AS THEIR BUDGETS SHRINK, STATES are looking for new ways to fill their coffers. For builders and developers, that may translate into an increased chance of an audit on their tax payments.
“With all the states being in deficit, they're actively pursuing this,” says Bryan Neuendorf, a state and local tax expert with Chicago-based national accounting firm Grant Thornton LLC. “Contractors are buying materials from throughout the world. The taxable event is based on where the delivery is, but that vendor may not have a collection responsibility in the state. You're responsible for picking that up and remitting the tax on the invoice.”

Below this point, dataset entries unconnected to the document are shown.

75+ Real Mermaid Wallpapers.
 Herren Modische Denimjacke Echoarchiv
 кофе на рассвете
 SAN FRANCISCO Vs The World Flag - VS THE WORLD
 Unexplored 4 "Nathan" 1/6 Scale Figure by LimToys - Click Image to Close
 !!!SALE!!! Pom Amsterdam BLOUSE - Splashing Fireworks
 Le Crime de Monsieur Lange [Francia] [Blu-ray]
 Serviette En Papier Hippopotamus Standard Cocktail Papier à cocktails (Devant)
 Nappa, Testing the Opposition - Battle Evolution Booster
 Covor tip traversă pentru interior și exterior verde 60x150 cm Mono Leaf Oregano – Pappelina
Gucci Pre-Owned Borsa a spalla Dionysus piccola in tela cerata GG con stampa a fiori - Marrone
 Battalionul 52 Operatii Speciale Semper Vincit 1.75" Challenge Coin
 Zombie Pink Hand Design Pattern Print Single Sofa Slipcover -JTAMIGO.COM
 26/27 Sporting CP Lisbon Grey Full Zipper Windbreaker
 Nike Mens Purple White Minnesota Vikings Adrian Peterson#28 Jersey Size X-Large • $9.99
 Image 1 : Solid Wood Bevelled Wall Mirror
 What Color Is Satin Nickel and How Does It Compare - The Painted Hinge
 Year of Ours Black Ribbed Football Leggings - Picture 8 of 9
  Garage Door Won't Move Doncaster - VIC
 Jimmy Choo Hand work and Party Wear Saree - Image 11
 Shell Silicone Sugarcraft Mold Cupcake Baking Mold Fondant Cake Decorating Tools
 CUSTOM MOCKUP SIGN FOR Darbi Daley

What often happens is that a trade contractor doesn't properly calculate sales tax on his invoice to the builder, Neuendorf says. As the general contractor, the builder ultimately bears responsibility. That means that if the correct amount of tax hasn't been paid, he can be hit with the cost of not only the extra that's due, but interest and penalties as well.
The accounts payable staff, estimators, and project manager should review invoices to ensure the tax has been paid, he says. If there are errors or missing information, send the invoices back to the trade contractors that submitted them. Builders also should review their trade contractor agreements to require trades to pay the appropriate taxes and provide the necessary documentation.
“Trying to get them to provide documentation [after the fact] is difficult,” he says. “If the invoice doesn't show taxes have been remitted, you'll have some issues.”